Ms. Armstrong glibly claims that "Later in the Islamic empires, Jews would enjoy full religious liberty and anti-Semitism would not become a Muslim vice until the Arab/Israeli conflict became acute in the mid-twentieth century." For one thing, such ahistorical analysis ignores the deep anti-Jewish bigotry dating to Islam's earliest days, which made it highly receptive to the worst precepts of Christian anti-Semitism, such as the "blood libel." For another thing, Armstrong overlooks Islam's pervasive mistreatment of its non-Muslim subjects, or Dhimmis as they are commonly known, who have been allowed to practice their religions in return for a distinctly inferior legal and institutional status, rife with social indignities and at times open persecution.
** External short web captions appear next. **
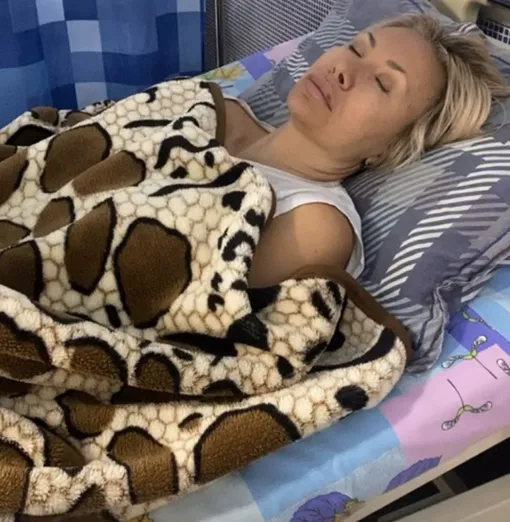 Элина Камирен попала в больницу Элина Камирен попала в больницу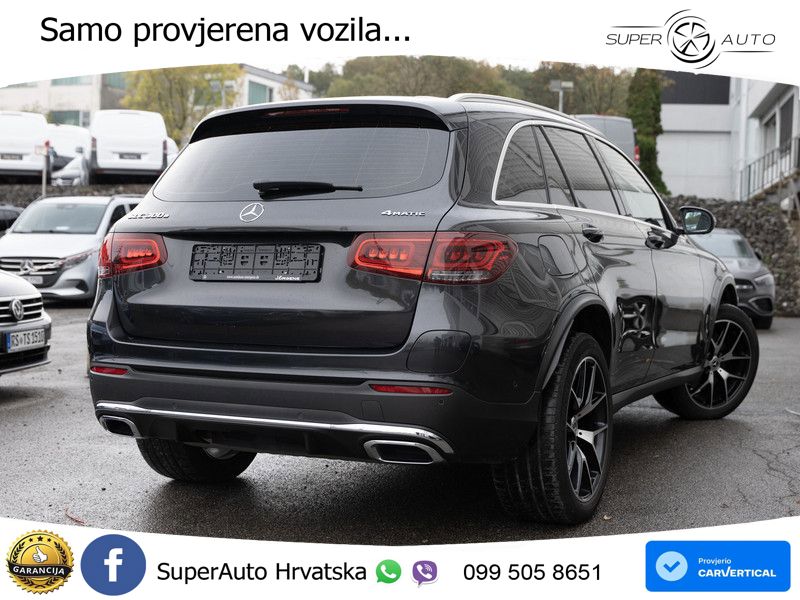 Mercedes GLC 300e (320 KS) 4MATIC 9G-TRONIC AMG LED+GR SJED+ACC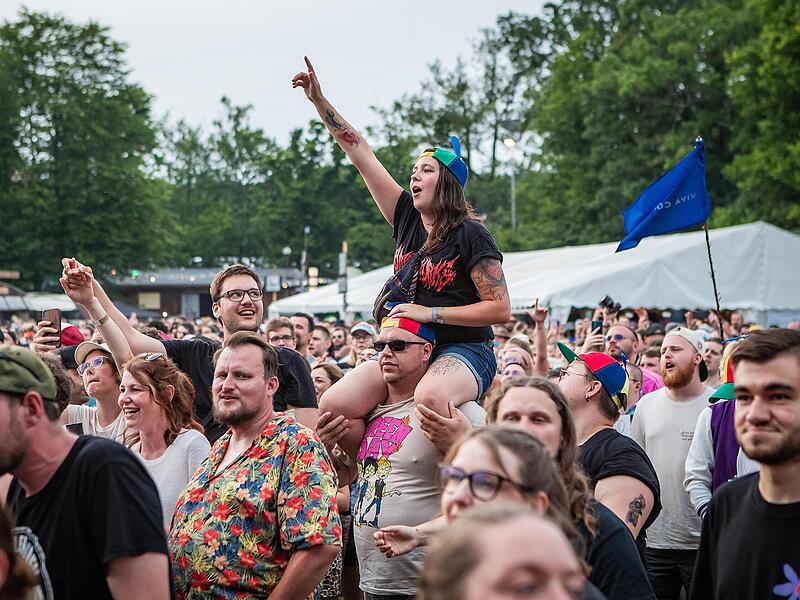 Tausende Festivalg&auml;ste feierten friedlich zu ihren Lieblingsbands.
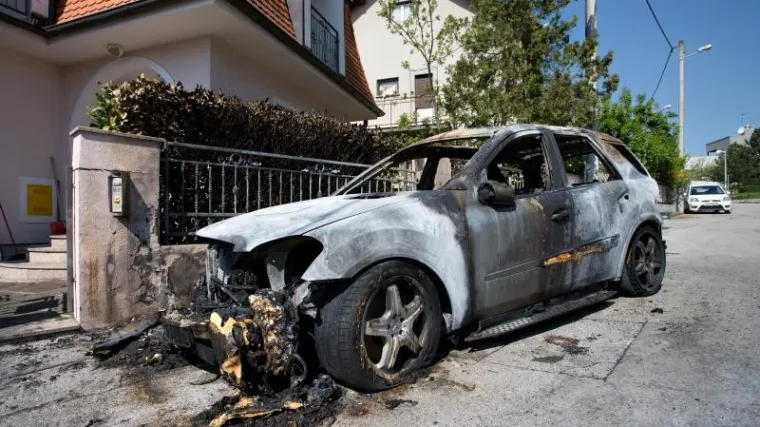Usred noći izgorjeli automobili ispred kuće predsjednika Uprave Euroherca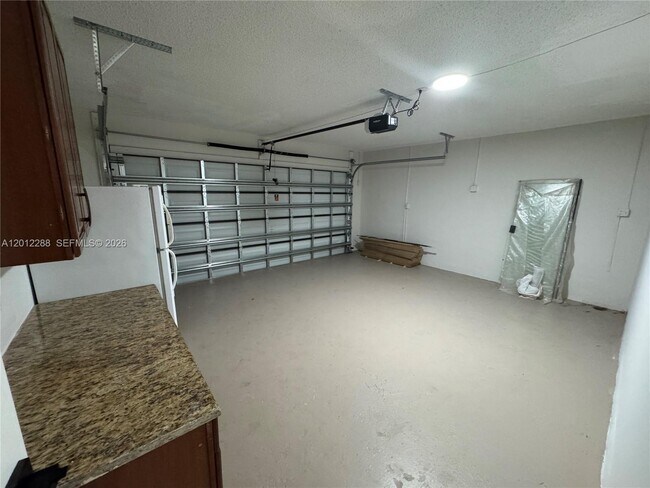Building Photo - 9234 Southampton Pl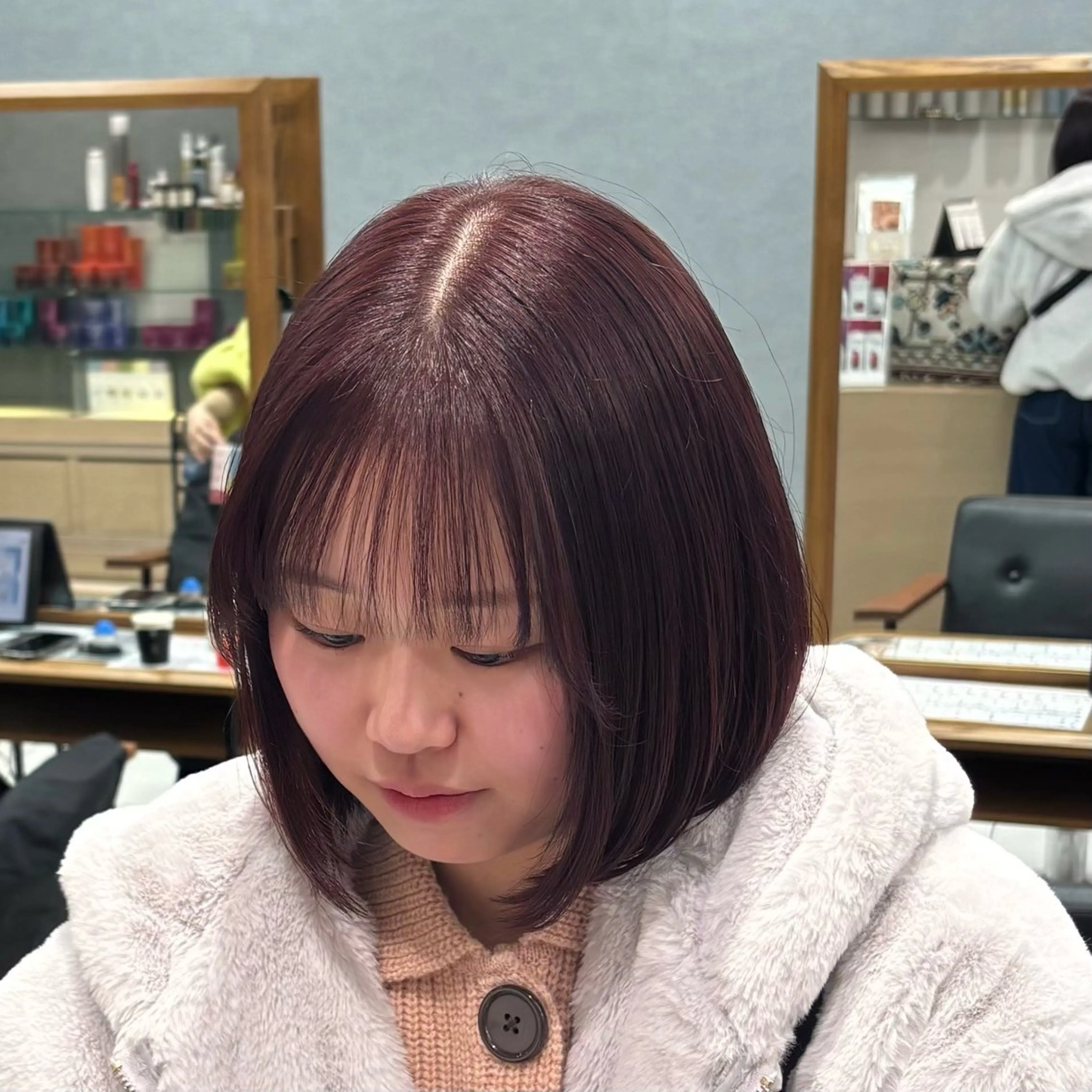 カラー ピンクカラー ボブ カット ヘアカラー トリートメント 透明感カラー/ レイヤーカット/麻咲のヘアスタイル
"If we are to avoid catastrophe, the Muslim and Western worlds must learn not merely to tolerate but to appreciate one another," Ms. Armstrong emphatically concludes her book. I couldn't agree more. Provided of course this is done in good faith and without rewriting the historical truth, let alone violently suppressing critical minds and dissenting voices.
Mr. Karsh is head of Mediterranean Studies at King's College, University of London, and author most recently of "Islamic Imperialism: A History," available from Yale University Press.